The United Nations Secretary General, António Guterres, could not have captured it better when he said this of refugees, “I’ve met so many who have lost so much. But they never lose their dreams for their children or their desire to better our world. They ask for little in return – only our support in their time of greatest need”.  World Refugee Day, June 20, as an international observance day is dedicated to raising awareness of the situation of refugees throughout the world.

On December 4, 2000, the United Nations General Assembly in Resolution 55/76 decided that, from 2001, June 20 would be celebrated as World Refugee Day. In this resolution, the General Assembly noted that 2001 marked the 50th anniversary of the 1951 Convention relating to the Status of Refugees. However, it must be pointed out that African Refugee Day had been formally celebrated in several countries prior to 2000.

The significance of this event is that each year on that date, the United Nations, United Nations Refugee Agency (UNHCR) and countless civic groups around the world host World Refugee Day activities in order to draw the public’s attention to the millions of refugees and internally displaced persons worldwide who have been forced to flee their homes due to war, other forms of conflict and persecution.

In the Middle East, where violence has forced and is still forcing thousands of families to flee for their lives each day, the time is now to show that the global public stands with refugees by ending the wars in that region. On September 2016, global leaders had agreed to work towards a Global Compact for refugees in 2018 where all parts of society stand together with refugees and do their fair share instead of leaving individual states to bear the burden of mass forced displacement.  Every refugee child has the right to get good quality education. Every refugee family is entitled to somewhere safe to live. Every refugee must be guaranteed a place to work or learn new skills to support their families.

In a world where one in every 113 people have been forced to flee their homes because of war, persecution and poverty, it’s vital for humanity to demonstrate the global public stands #WithRefugees.

Legally, a refugee is defined as a person who is forced to flee his or her home country due to persecution or a well-founded fear of being persecuted on account of his or her nationality, race, religion, political opinion, or membership in a particular social group. Refugees do not voluntarily choose to migrate but instead do so out of immediate necessity- this could be political, economic or religious. Internationally, it is believed that the current levels of displacement are some of the highest ever recorded. Worldwide, there are 65.3 million people who have been forced out of their homes (with an estimated 34,000 people displaced per day). While the majority of forced migrants remain in their home countries, 21.3 million have been forced to flee and seek refuge in other countries. Over half of these refugees are under the age of 18.

In its approach to solving the refugee problem, the international community has traditionally promoted three durable solutions to displacement situations: voluntary repatriation, integration into the country of first asylum, or resettlement into a third country.

The United Nations High Commissioner for Refugees (UNHCR) is a platform put in place by the UN to find the best solution for each displaced person on an individual basis. It is generally responsible for identifying and designating individuals as refugees. It also assists in ensuring the safety and well-being of refugees as they await a placement determination.

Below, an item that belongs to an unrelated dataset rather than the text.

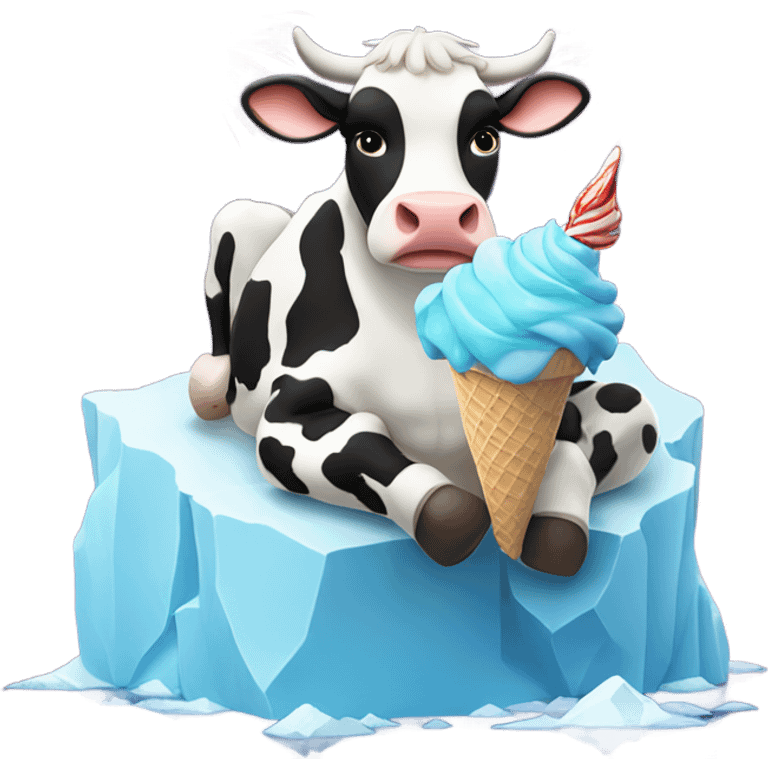 Cow eating ice cream while sitting on an iceberg with fireworks  emoji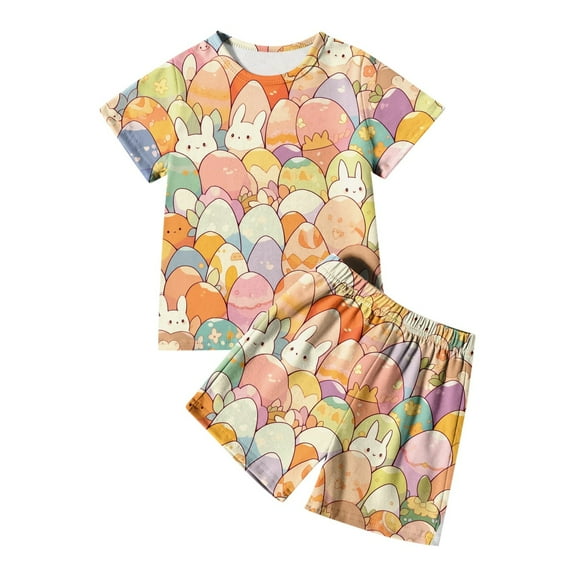 Tanghaowl T Shirts for Girls Easter Day Baby Kids Boys Girls Cute Rabbit Chicken Graphic Short Sleeve T Shirt Top And Shorts Pants Set Outfit Set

But even with this elaborate arrangement, temporary protection for refugees remains a challenge for the international community. Refugees often have to endure life-threatening conditions in order to arrive at their first host country. Once there, they usually live in confined refugee camp sites or in urban settings, sometimes for as long as a decade.

As we encourage the world on this Refugee Day to commemorate the strength, courage and perseverance of millions of refugees, it is important to look seriously at issues, policies and other causes of the refugee problem. For the public to show support for families forced to flee is humanitarian but more humanitarian is not allowing the problem to exist at all in the first place.

In Africa, conflicts have tended to exacerbate crises created by economic problems – poverty, hunger, joblessness and absence of the good life. What this means is that there are also economic refugees the world must not forget.